The Golden Globes 2020 show was filled with laughs, tears and calls to action. Host Ricky Gervais kicked off the awards show with a raunchy monologue and acceptances speeches took an emotional and political turn.
Here are five memorable moments from the awards show:
Gervais Gets Raunchy
Ricky Gervais returned to the stage for the fifth time, getting himself bleeped two separate times during his monologue and triggering gasps from around the room.
Gervais, who joked this would be his final time hosting, called out the inevitable political speeches to follow.
“You say you’re woke, but the companies you work for, unbelievable! Apple, Disney, Amazon. Most of you spent less time in school than [teen climate activist] Greta Thunberg. If you win, come up, accept your little award, thank your agent and your God and f— off,” Gervais said.
His other target the big-budget flop “Cats.” Gervais made an extremely vulgar comment about Judi Dench that you can read here.
At the end of the show, he got bleeped two final times. “Sort of like working for Harvey Weinstein. You did it, I didn’t, shut the f— up!”
He then signed off “get drunk, take your drugs and f–k off.”
Kate McKinnon’s teary tribute to Ellen
Presenting the Carol Burnett Award to Ellen Degeneres, McKinnon choked up when she explained the profound effect Degeneres had on her as both a comedian and as a teenager first realizing with her sexual orientation.
“She risked her entire life, and her entire career, in order to tell the truth.
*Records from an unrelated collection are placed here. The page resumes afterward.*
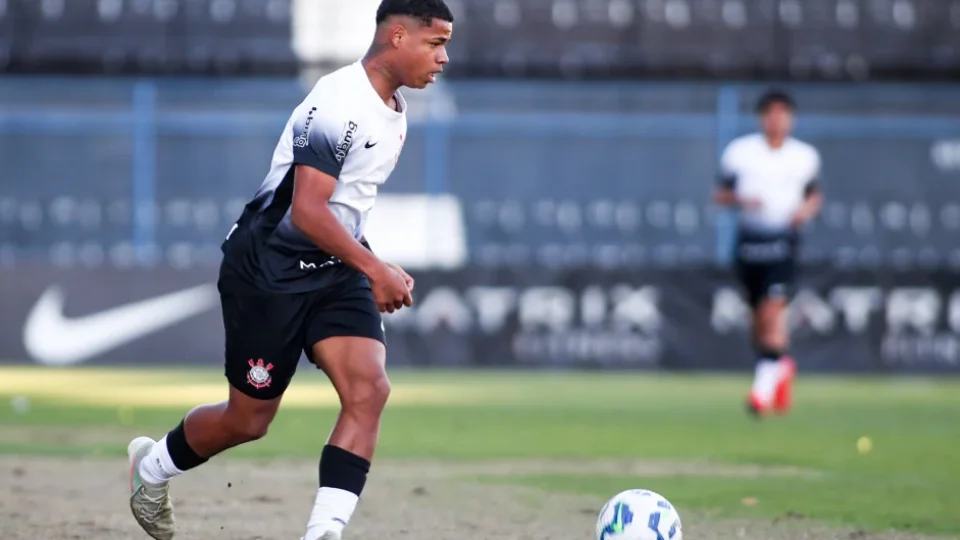 Corinthians enxuga base e inicia grande obra na Neo Química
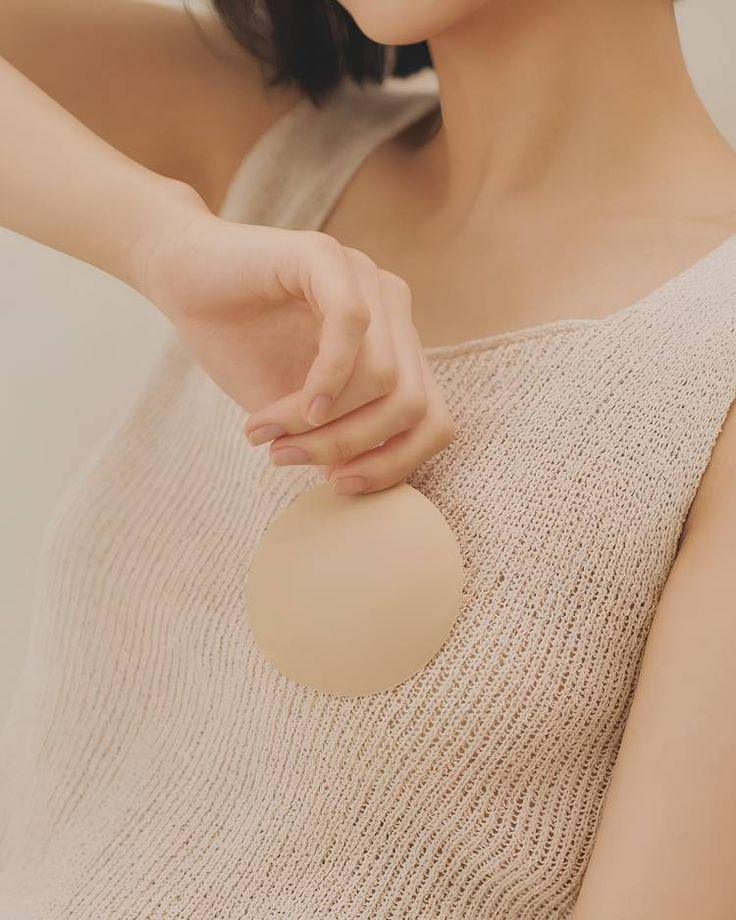 cách mặc áo hai dây đẹp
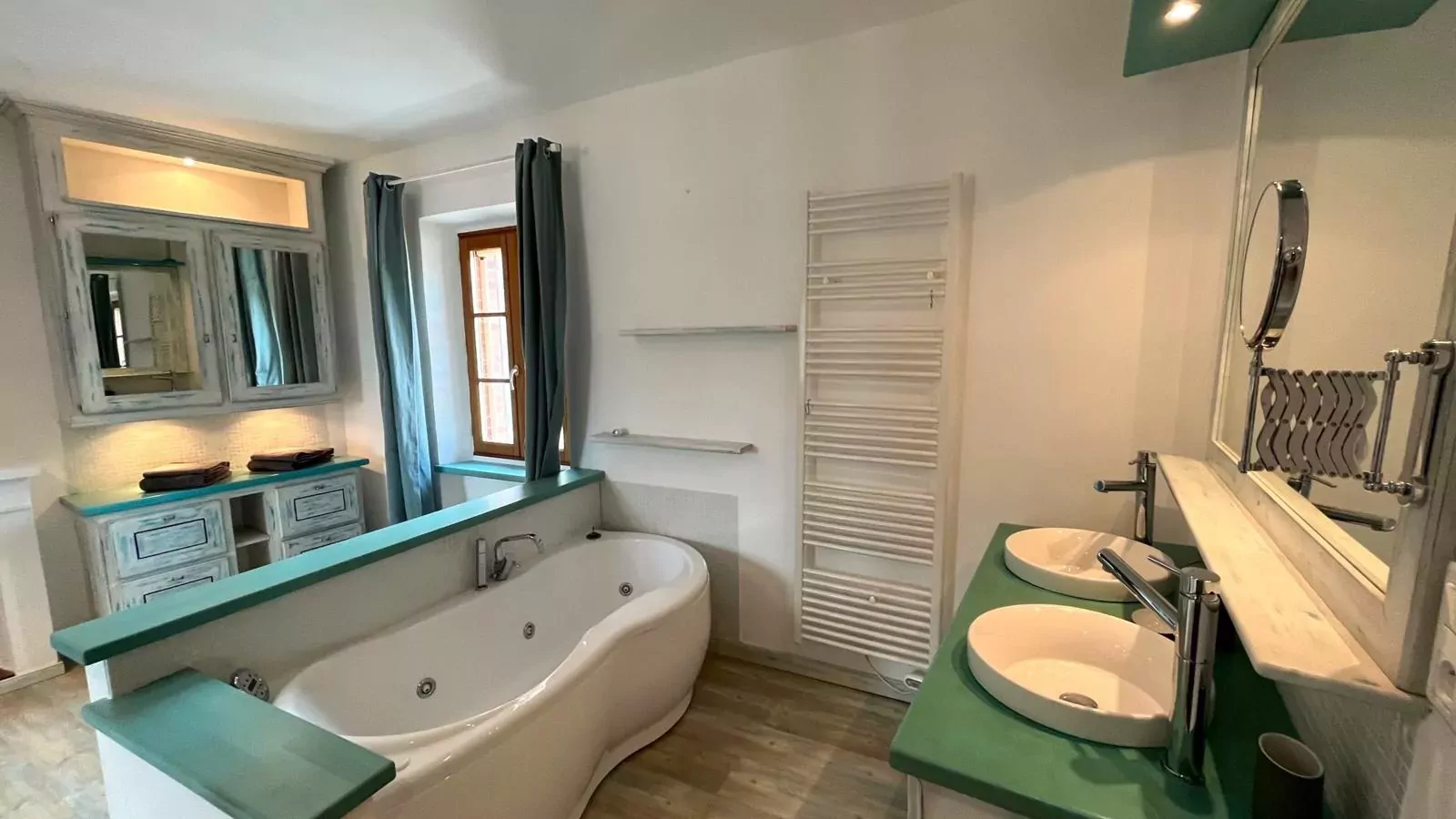 Bastide St John-Bathroom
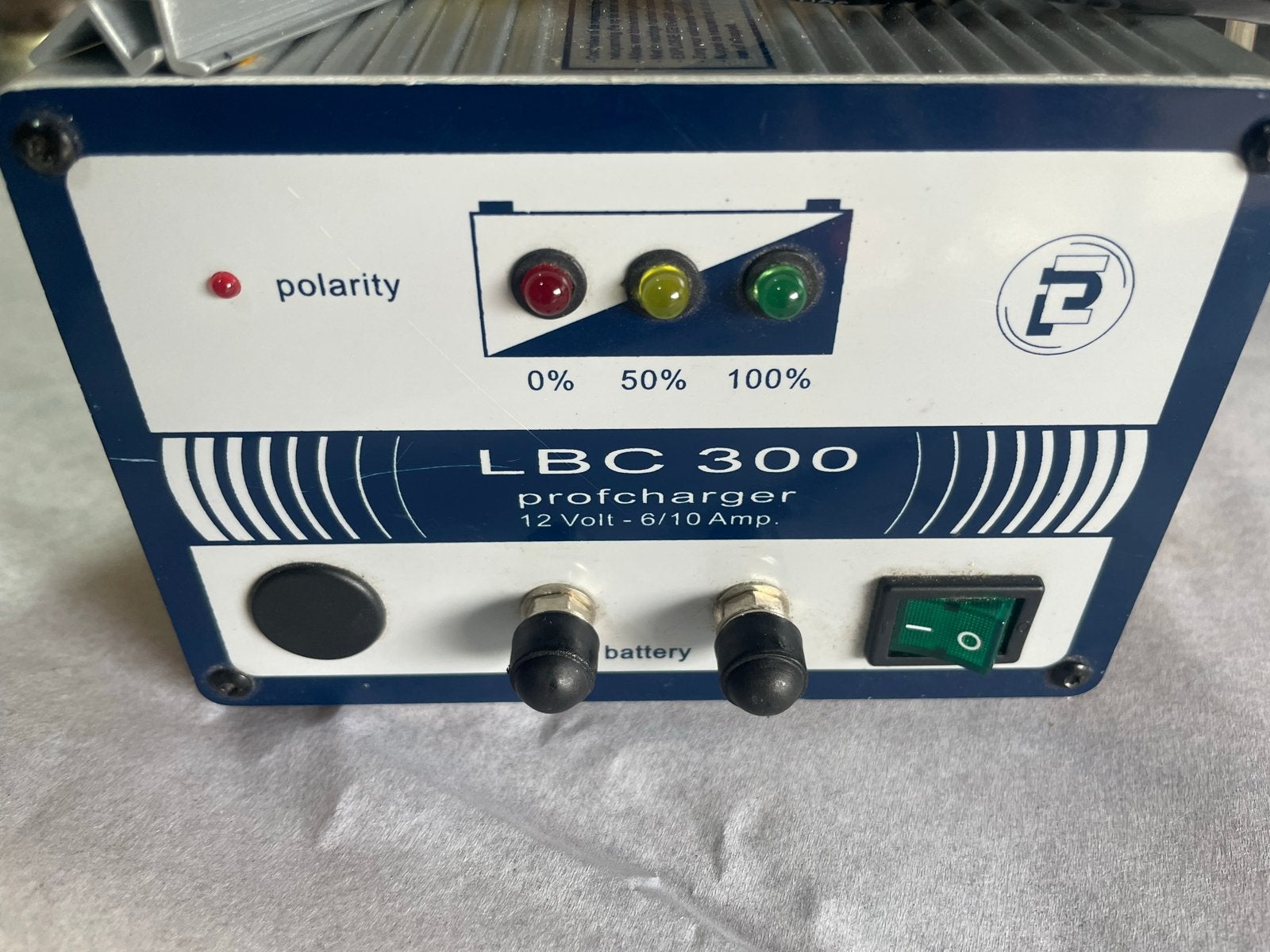 LBC 300 Profcharger 12 Volt - 6/10 Amp acculader, Ophalen of Verzenden, Gebruikt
And she suffered greatly for it. Of course, attitudes change, but only because brave people like Ellen jump into the fire and make them change. And if I hadn’t seen her on TV, I would have thought, ‘I could never be on TV. They don’t let LGBTQ people be on TV,'” McKinnon said. “And more than that, I would have gone on thinking that I was an alien and that I maybe even didn’t have a right to be here.”
Read her full remarks here.
Russell Crowe, Others Call for Action to Stop Climate Change
Several presenters brought up the massive wildfires afflicting Australia, but perhaps none did so as forcefully as Globes winner Russell Crowe.
Crowe, who won Best Actor in a Limited series for portraying Roger Ailes in “The Loudest Voice,” wasn’t on hand to accept because, as presenter Jennifer Aniston explained, “he is at home in Australia protecting his family from the devastating bushfires.”
But Crowe did provide an acceptance speech in which he called on the world to deal with the climate crisis. “Make no mistake, the tragedy unfolding in Australia is climate change-based,” Crowe’s statement said. “We need to act based on science, move our global workforce to renewable energy and respect our planet for the unique and amazing place it is. That way, we have a future. Thank you.”
Fellow winners Cate Blanchett and Patricia Arquette, and also the Hollywood Foreign Press Association itself, also called attention to the situation in Australia.
— NBC Entertainment (@nbc) January 6, 2020
Patricia Arquette’s Plea to Vote
The actress, who won for “The Act,” used her acceptance speech to comment on the current political climate and climate change.
“I know that tonight, Jan. 5, 2020, we’re not gonna look back on this night in the history books,” she began. “We will see a country on the brink of war, the United States of America. A president tweeting out a threat of 52 bombs, including cultural sites. Young people risking their lives all across the world. People not knowing if bombs are gonna drop on their kids’ heads. And the continent of Australia on fire.”
You can watch her full speech here.
Tom Hanks Gets Emotional
Audiences love Tom Hanks, but none more than the Cecil B. DeMille winner’s family.
Hanks had to compose himself as he thanked his wife, Rita Wilson, and children.
“A man is blessed with a family sitting down front like that,” he told the audience, his voice cracking. “A wife who is fantastic in every way, who’s taught me what love is. Five kids who are braver, stronger, and wiser than their old man is, a loving group of people who’ve put up with me being away for months at a time. I can’t tell you how much your love means to me.”
Michelle Williams comes out swinging for the right to choose
During best actress in a limited series acceptance speech, the “Fosse/Verdon” star used her time to give an empathetic but unflinching defense of the constitutional right to abortion — and to call on women to vote.
“I know my choices might look different than yours, but thank God, or to whomever you pray to, that we live in a country founded on the principal that I am free to live by my principals and you are free to live by yours,” Williams said in part. “Women, 18 to 118, when it is time to vote, please do so in your own self-interest,” she said. “It’s what men have been doing for years. Which is why the world looks so much like them. But don’t forget, we are the largest voting body in the country. Let’s make it look more like us.”
See her speech here.
Herstory was also made Sunday evening by Awkwafina, who became the first Asian American actress to win the Golden Globe For Best Comedy Film. Hildur Guðnadóttir, the “Joker” composer, became the first solo woman to win a scoring Globe.